>>>
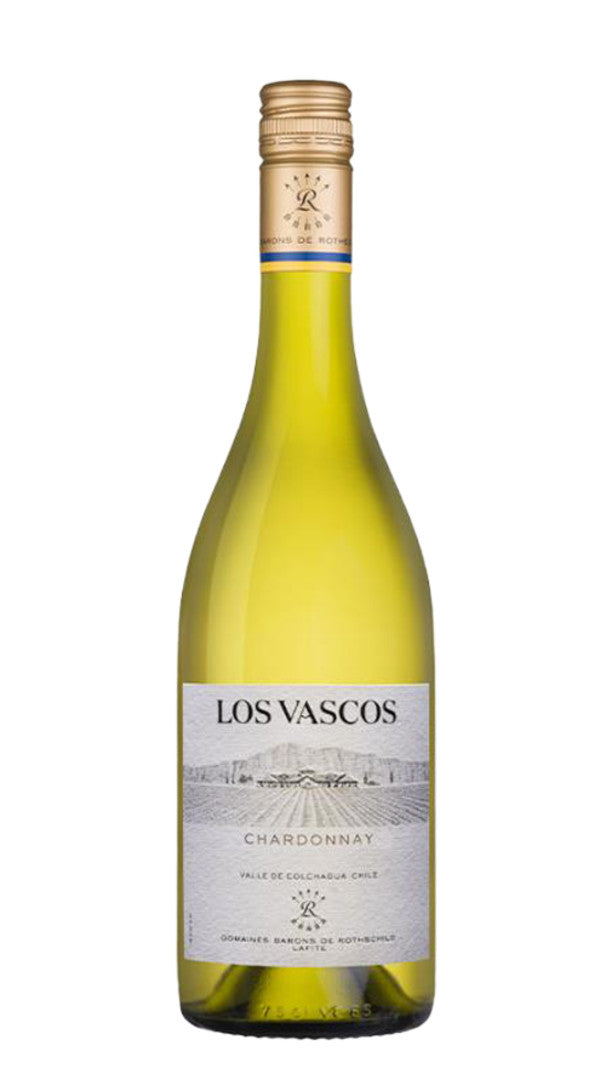 Chardonnay Los Vascos 2022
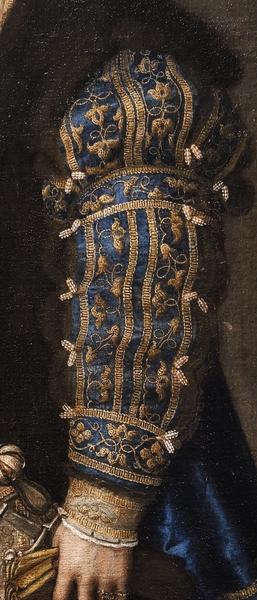 Roma y Nápoles: Bernini, Giorgione y mucho más. - Blogs de Italia - Nápoles: Museo de Capodimonte y Galerías de Italia. (56)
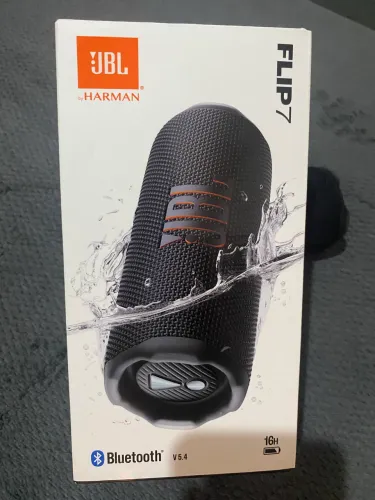 JBL flip7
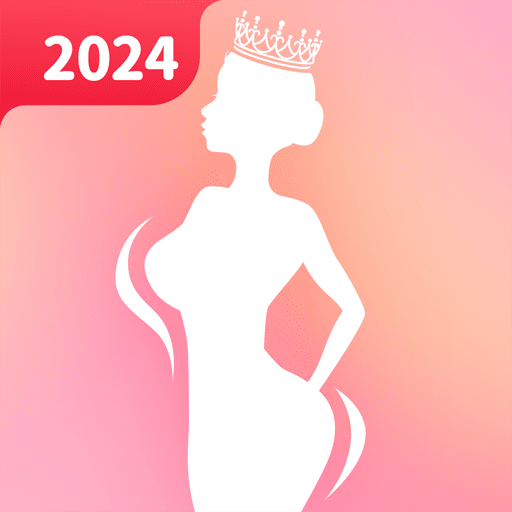 Perfect Me Vip – Editar Cara Cuerpo App Icon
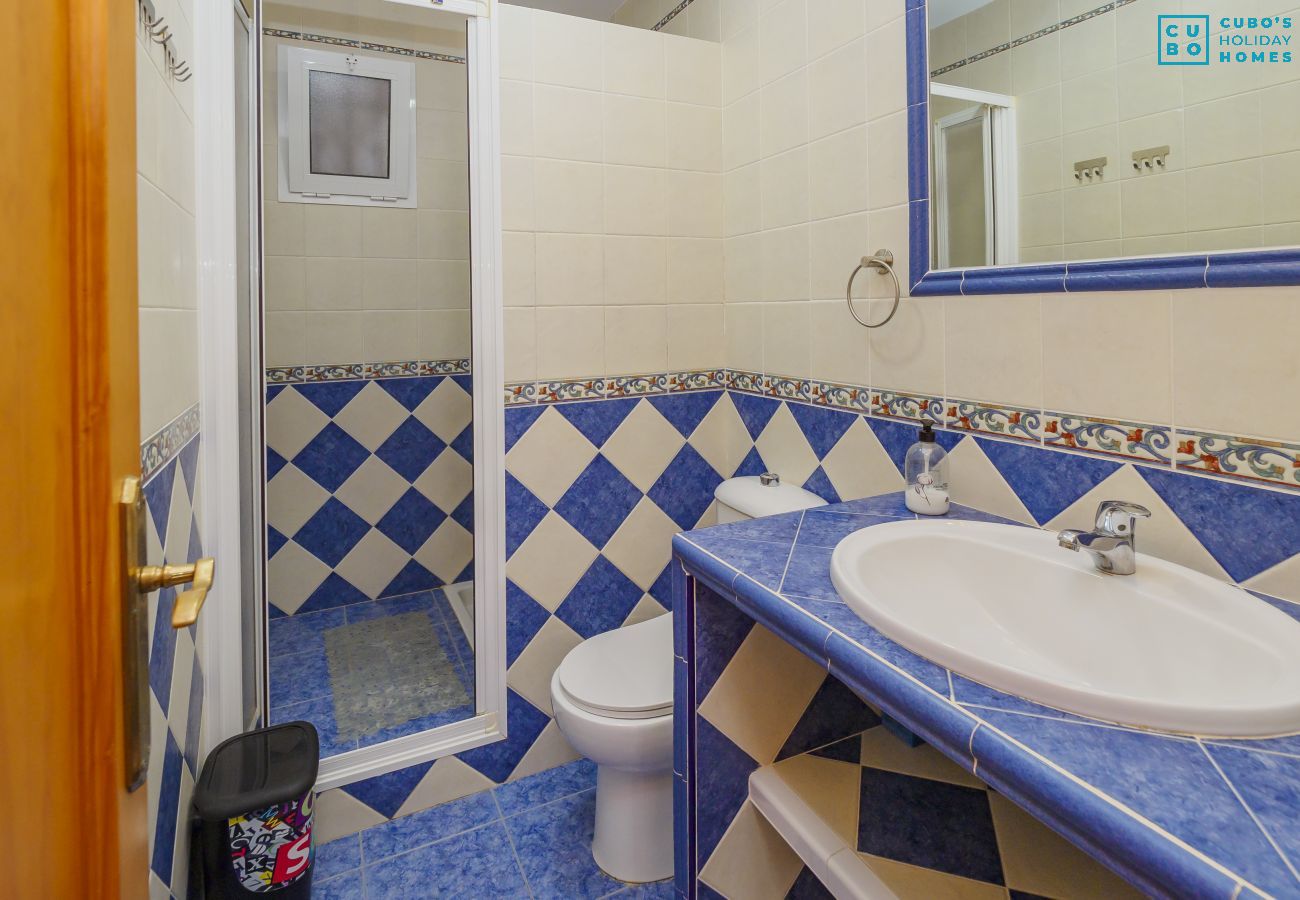 Appartement à La Cala de Mijas - Cubo's Apartamento Doña Lola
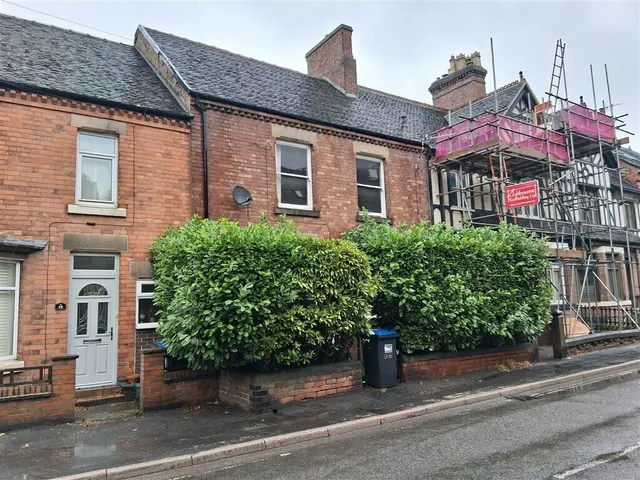 Station Street, Ashbourne, DE6, photo 1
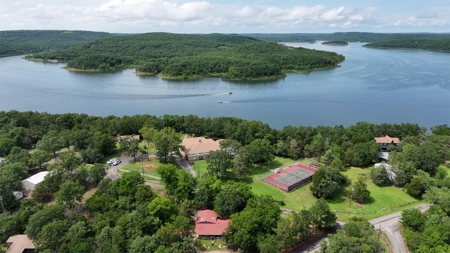 Tract 1 No Reserve Real Estate / Lake Lodge Auction, Cookson, OK - image 40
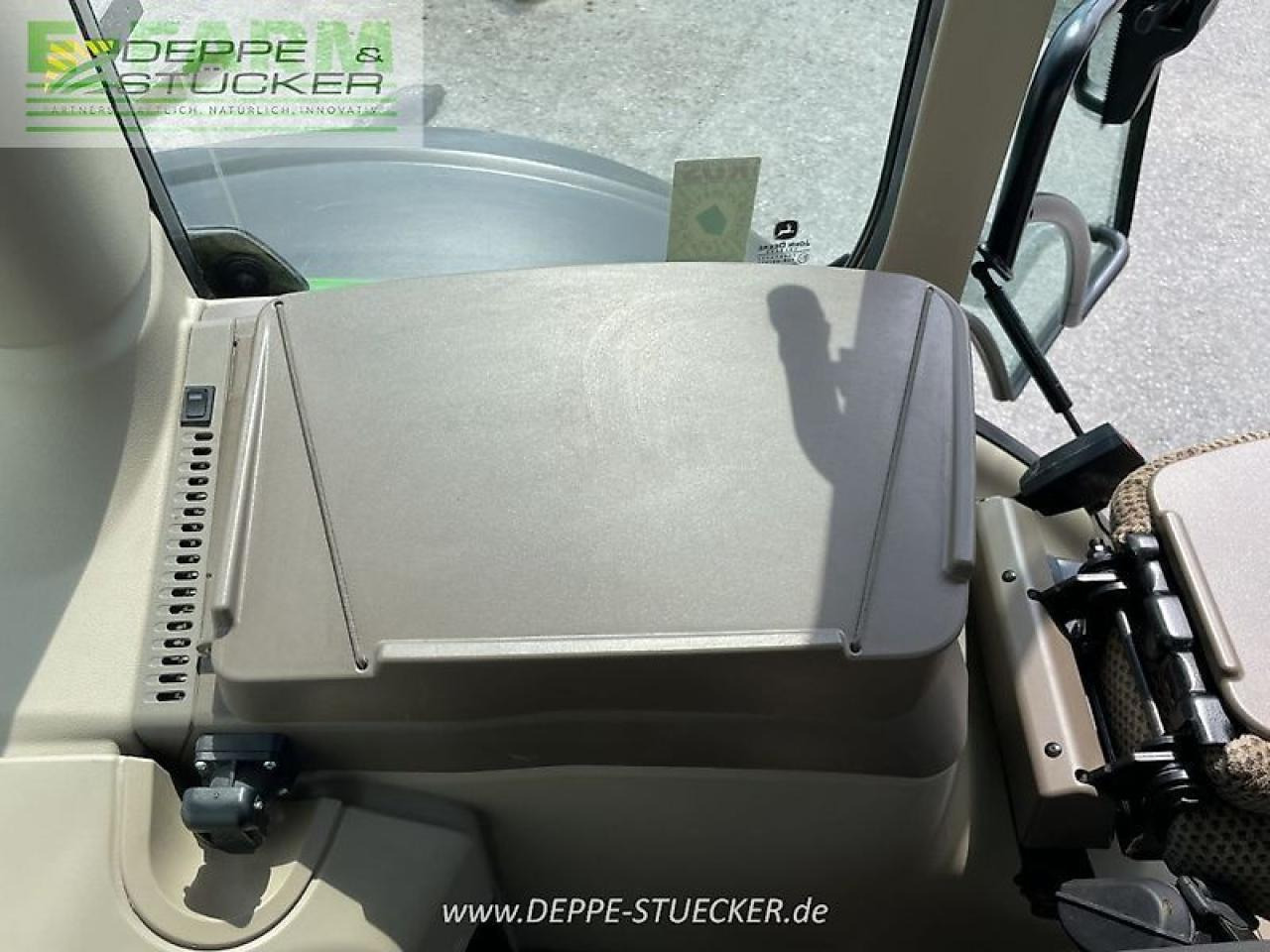 John Deere 6250r - Tracteur agricole: photos 5 John Deere 6250r - Tracteur agricole: photos 5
<<<
_PROBLEM TO WORK ON_:
All that is needed is an exact copy of the lines from the top of the entries through the line containing "Station Street, Ashbourne, DE6, photo 1", pictures left out.

_WRITTEN ANSWER_:
 Chardonnay Los Vascos 2022
 Roma y Nápoles: Bernini, Giorgione y mucho más. - Blogs de Italia - Nápoles: Museo de Capodimonte y Galerías de Italia. (56)
 JBL flip7
 Perfect Me Vip – Editar Cara Cuerpo App Icon
 Appartement à La Cala de Mijas - Cubo's Apartamento Doña Lola
 Station Street, Ashbourne, DE6, photo 1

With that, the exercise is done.